WORK ITEM
The material beneath this line should be printed exactly, with its pictures omitted.

MATERIAL PROVIDED
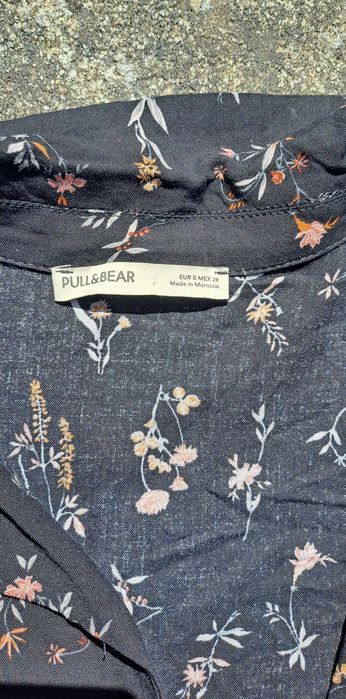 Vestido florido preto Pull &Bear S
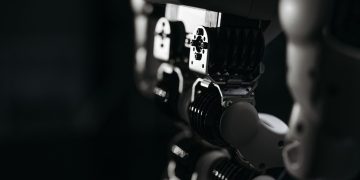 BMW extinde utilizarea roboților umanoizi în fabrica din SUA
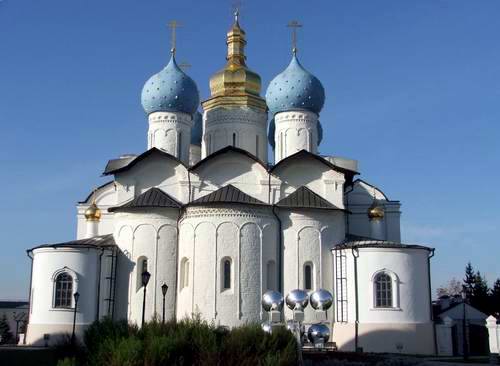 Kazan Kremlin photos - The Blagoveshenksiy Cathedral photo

ANSWER SPACE
 Vestido florido preto Pull &Bear S
 BMW extinde utilizarea roboților umanoizi în fabrica din SUA
 Kazan Kremlin photos - The Blagoveshenksiy Cathedral photo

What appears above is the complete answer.